[Image-caption web data]
<<<<
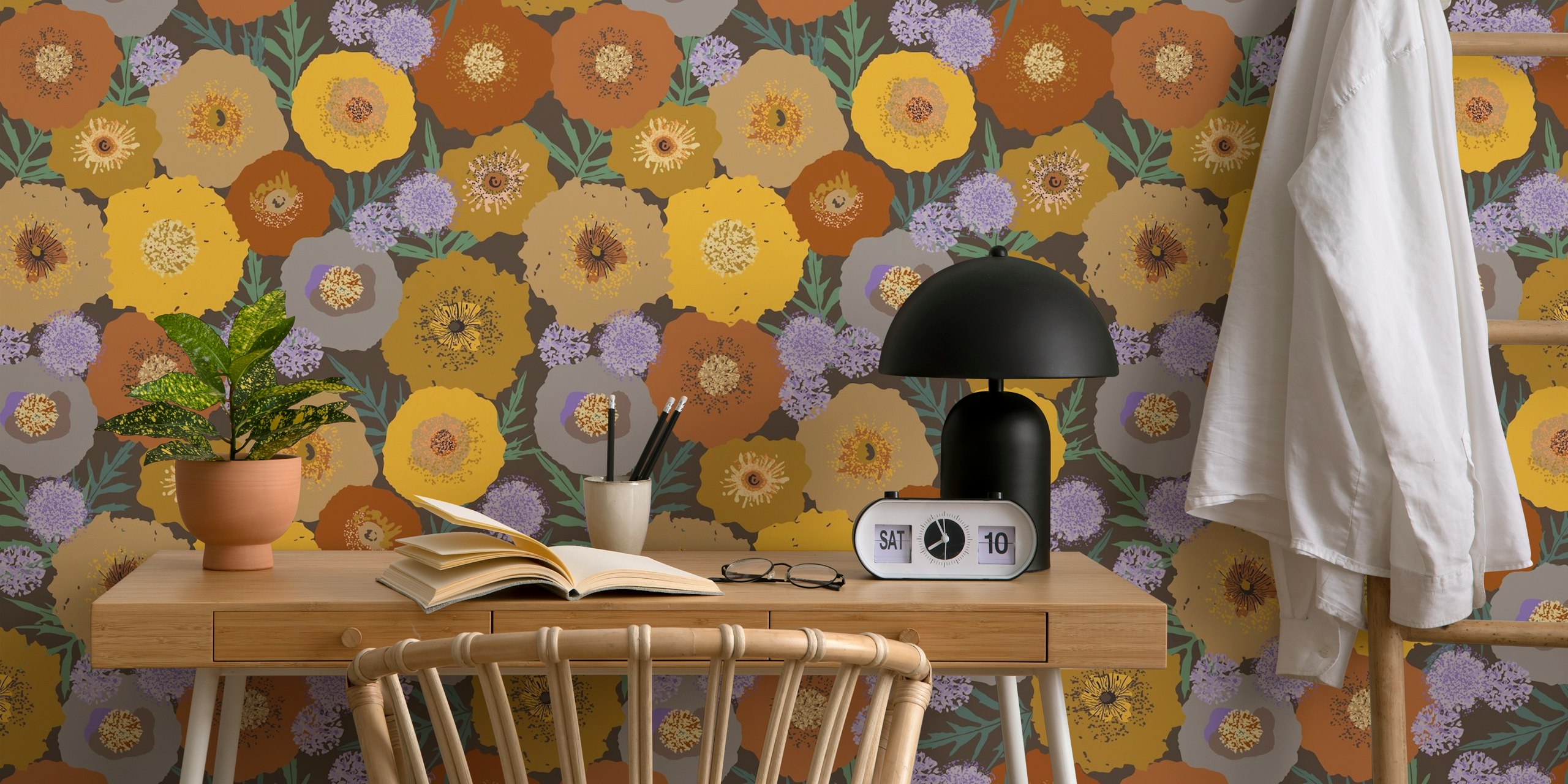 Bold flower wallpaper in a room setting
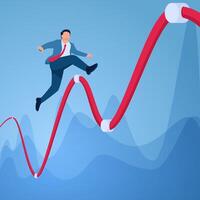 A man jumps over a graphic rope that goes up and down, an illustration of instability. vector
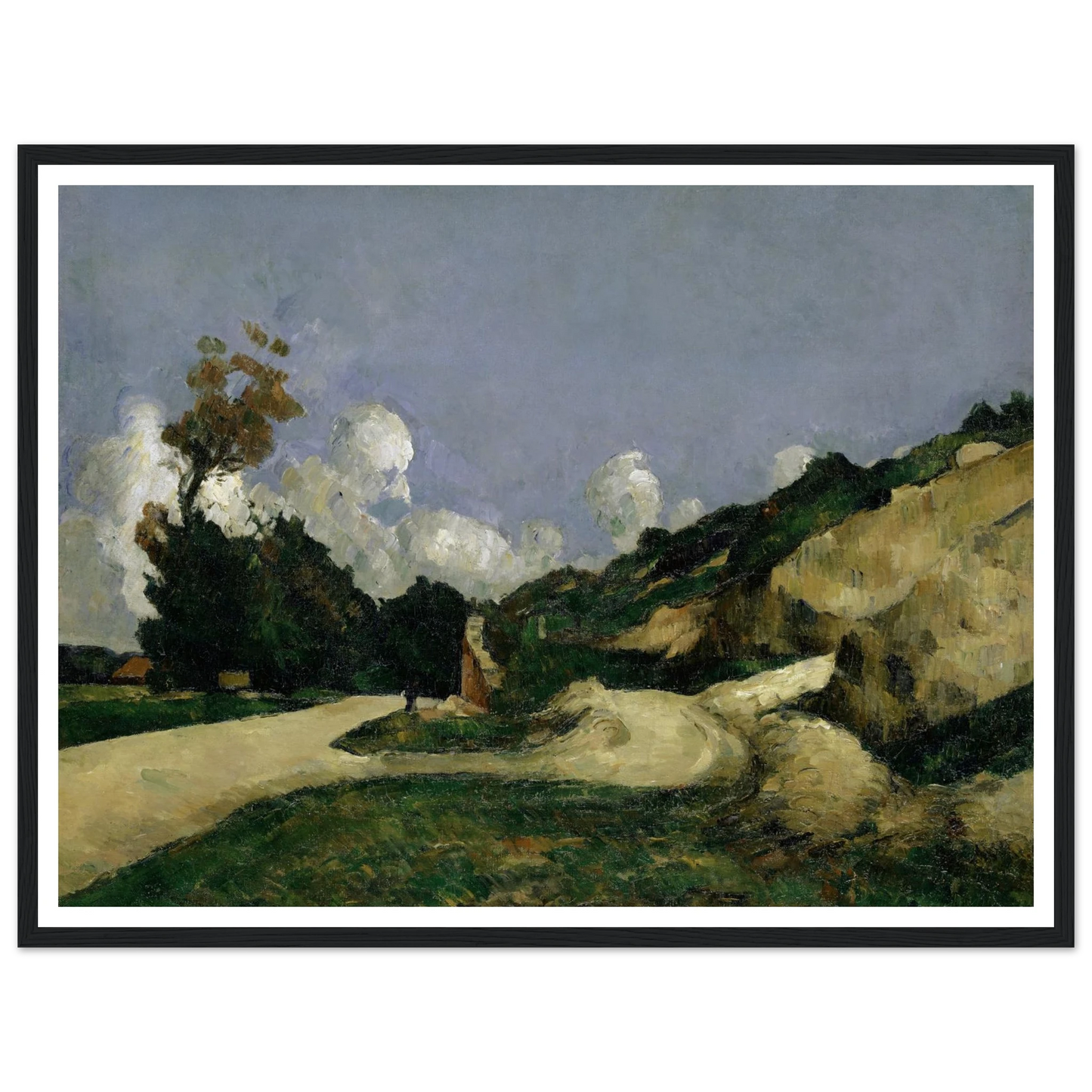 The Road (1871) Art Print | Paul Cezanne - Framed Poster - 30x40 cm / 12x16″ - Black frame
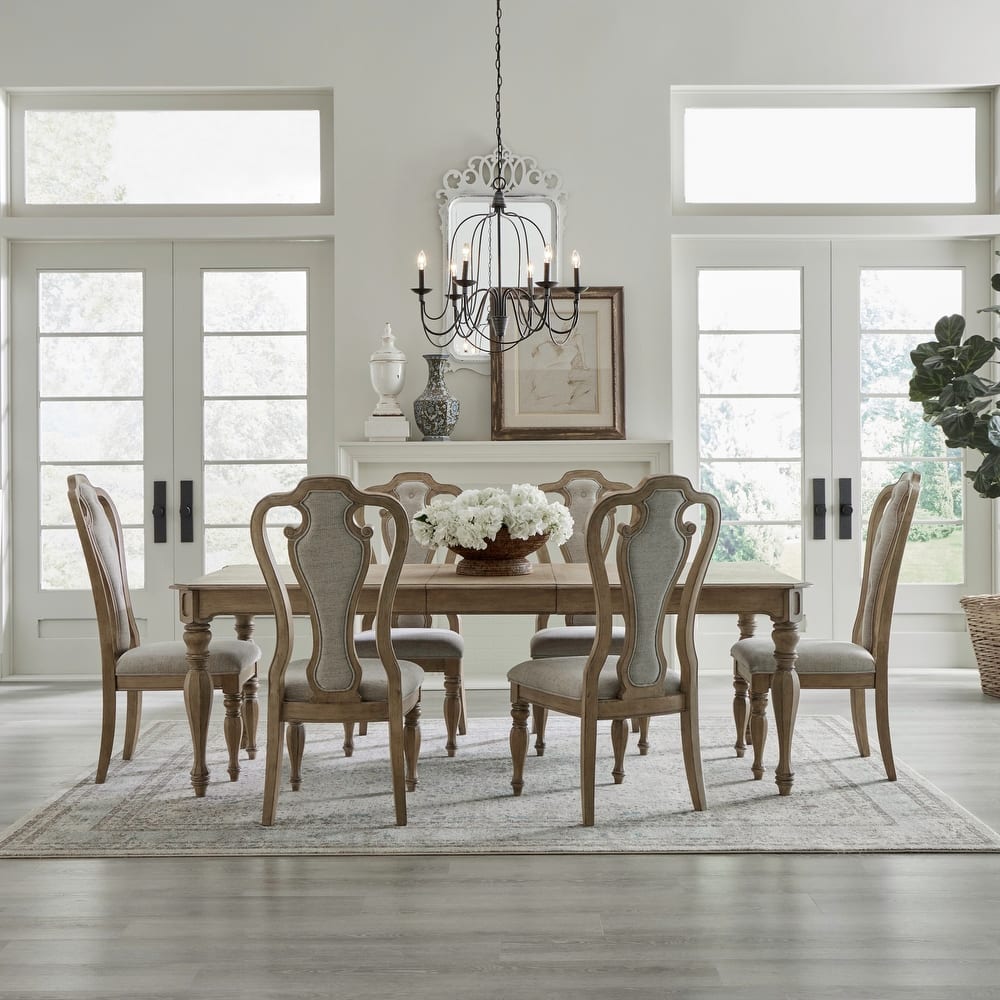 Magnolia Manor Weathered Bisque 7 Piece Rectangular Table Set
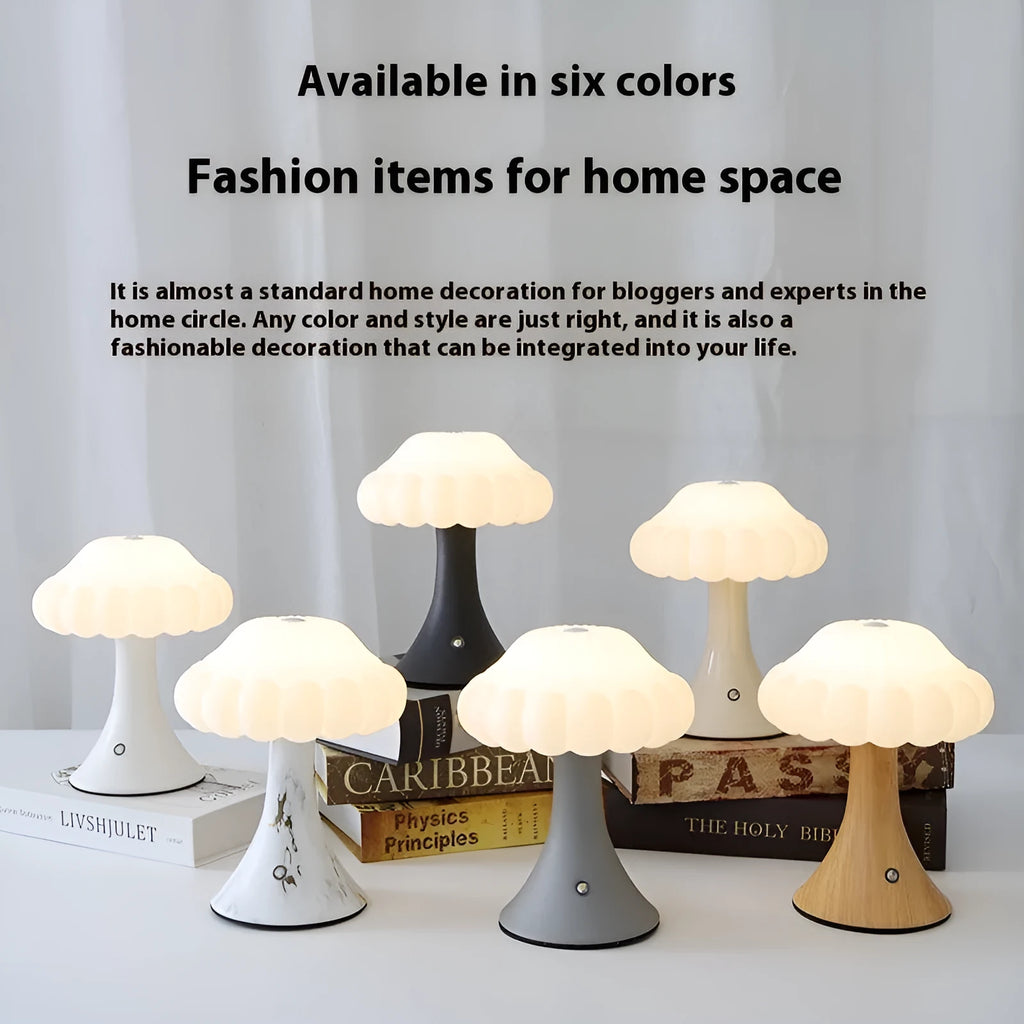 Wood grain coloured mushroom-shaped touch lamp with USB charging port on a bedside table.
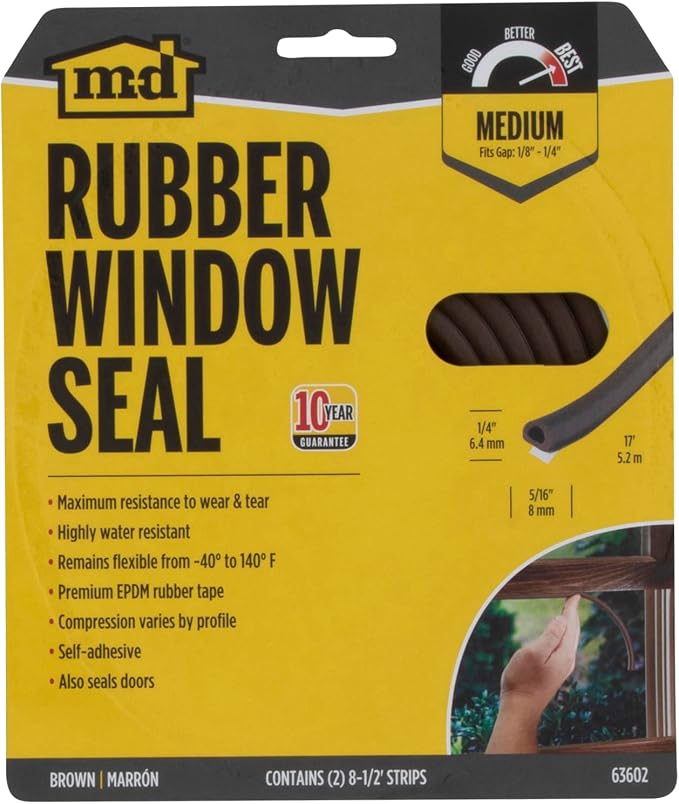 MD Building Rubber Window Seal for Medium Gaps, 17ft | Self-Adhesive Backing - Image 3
>>>>
Task requirements
Nothing but the lines from the one containing "Wood grain coloured" through the last line of the records above should appear, each repeated exactly, with no pictures.

Exercise response
 Wood grain coloured mushroom-shaped touch lamp with USB charging port on a bedside table.
 MD Building Rubber Window Seal for Medium Gaps, 17ft | Self-Adhesive Backing - Image 3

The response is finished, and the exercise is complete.